A broad class of quantum materials could be used to create particles that may find use in quantum computers, calculations by two RIKEN theoretical physicists have predicted¹.

Nearly every fundamental particle has an antiparticle counterpart with the same mass but the opposite electric and magnetic characteristics. For example, the antiparticle of the negatively charged electron is the positively charged positron.

A class of particles that are their own antiparticles has been theoretically predicted. These so-called Majorana fermions have not yet been identified in experiments that probe the physics of elementary particles. However, composite particles or quasiparticles that mimic the same properties have been created in exotic materials.

Quasiparticle Majorana fermions have been observed at the interface between superconductors and topological insulators—materials that are electrically insulating on the inside but conduct a current on their surfaces. Majorana fermions observed in this two-component system maintain their state even in the presence of defects and disturbances. This robustness makes them promising as a platform for quantum computation.

“Recent experiments have found evidence for a Majorana fermion at vortices in hybrid systems of topological insulators and superconductors,” explains Shingo Kobayashi from the RIKEN Center for Emergent Matter Science (CEMS). “But it is still highly challenging to create Majorana fermions.”

Kobayashi and his CEMS colleague Akira Furusaki are hoping to make it easier to form Majorana fermions through identifying a broader range of materials that can support them. So they theoretically investigated a type of topological insulator known as a topological crystalline insulator, in which the surface is conducting due to the symmetry of the material’s atomic structure.

“Recent work that combined calculations and material databases has theoretically uncovered several thousand topological materials with topological phases enabled by crystalline symmetry,” notes Kobayashi.

The calculations performed by Kobayashi and Furusaki showed that the crystalline symmetry that creates the surface states in a topological crystalline insulator also plays an important role in protecting Majorana fermions.
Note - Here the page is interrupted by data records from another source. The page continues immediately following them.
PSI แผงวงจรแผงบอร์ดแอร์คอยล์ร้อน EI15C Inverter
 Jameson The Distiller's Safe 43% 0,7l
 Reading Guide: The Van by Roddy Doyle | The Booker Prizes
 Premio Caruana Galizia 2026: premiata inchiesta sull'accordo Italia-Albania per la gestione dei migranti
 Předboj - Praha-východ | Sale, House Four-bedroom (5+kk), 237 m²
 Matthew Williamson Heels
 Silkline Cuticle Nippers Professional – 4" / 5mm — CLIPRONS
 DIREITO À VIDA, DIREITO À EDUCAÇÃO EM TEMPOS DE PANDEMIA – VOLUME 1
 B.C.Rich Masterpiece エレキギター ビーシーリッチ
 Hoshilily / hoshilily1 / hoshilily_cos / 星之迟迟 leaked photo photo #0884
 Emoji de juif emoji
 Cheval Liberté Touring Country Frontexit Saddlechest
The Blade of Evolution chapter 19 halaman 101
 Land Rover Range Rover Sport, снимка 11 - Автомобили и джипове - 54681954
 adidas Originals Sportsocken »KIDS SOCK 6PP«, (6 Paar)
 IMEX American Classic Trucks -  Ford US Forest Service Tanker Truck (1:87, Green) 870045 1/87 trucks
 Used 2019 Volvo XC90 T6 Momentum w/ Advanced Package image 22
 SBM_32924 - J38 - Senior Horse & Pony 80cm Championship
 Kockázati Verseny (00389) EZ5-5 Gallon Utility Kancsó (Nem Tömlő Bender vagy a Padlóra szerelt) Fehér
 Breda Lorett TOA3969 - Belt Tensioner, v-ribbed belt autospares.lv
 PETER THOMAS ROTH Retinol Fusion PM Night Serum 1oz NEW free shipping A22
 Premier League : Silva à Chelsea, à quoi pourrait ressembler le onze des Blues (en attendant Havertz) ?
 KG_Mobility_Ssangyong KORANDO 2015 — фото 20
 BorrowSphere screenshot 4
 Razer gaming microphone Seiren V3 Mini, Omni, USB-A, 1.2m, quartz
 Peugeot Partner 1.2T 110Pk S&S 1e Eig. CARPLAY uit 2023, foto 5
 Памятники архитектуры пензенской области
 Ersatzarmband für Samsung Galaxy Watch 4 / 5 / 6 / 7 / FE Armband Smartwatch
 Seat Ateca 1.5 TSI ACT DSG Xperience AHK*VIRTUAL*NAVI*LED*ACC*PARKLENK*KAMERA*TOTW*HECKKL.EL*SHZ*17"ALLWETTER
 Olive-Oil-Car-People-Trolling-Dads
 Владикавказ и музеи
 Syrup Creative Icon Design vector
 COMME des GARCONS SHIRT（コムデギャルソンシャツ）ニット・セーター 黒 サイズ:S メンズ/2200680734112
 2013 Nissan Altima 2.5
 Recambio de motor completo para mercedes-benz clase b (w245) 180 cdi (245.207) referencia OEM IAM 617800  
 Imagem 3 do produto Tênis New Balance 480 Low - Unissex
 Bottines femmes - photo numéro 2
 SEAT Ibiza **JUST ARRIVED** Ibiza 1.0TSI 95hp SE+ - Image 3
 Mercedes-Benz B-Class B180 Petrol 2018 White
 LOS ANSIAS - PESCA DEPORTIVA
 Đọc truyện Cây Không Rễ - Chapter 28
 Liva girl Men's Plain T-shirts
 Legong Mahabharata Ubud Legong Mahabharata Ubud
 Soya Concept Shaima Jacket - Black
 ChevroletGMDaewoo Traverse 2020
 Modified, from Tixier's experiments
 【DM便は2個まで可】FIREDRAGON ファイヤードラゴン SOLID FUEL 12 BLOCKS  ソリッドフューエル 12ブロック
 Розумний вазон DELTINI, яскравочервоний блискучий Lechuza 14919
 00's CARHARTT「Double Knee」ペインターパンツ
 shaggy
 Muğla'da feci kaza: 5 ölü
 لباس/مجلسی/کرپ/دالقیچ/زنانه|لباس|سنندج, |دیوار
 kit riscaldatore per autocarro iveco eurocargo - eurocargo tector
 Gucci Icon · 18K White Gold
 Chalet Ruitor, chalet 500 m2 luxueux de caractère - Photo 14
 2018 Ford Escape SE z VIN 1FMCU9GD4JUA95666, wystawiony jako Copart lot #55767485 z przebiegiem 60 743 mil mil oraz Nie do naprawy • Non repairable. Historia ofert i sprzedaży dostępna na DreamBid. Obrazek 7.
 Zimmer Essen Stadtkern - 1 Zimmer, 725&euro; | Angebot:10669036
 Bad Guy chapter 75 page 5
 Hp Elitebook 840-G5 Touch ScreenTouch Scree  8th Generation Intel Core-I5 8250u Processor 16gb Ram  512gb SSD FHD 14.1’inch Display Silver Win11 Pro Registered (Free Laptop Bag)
Furthermore, the pair discovered that these systems can support states with multiple Majorana fermions. Unlike a single Majorana fermion, these multiple Majorana fermions can react to external perturbations such as magnetic fields or physical strain. This finding offers ways to manipulate the fermions, which is vital if they are to be implemented in a topological quantum computer.

“The next step will be to apply our generalized mechanism to material databases and predict materials that are suitable for achieving these Majorana fermions,” says Kobayashi.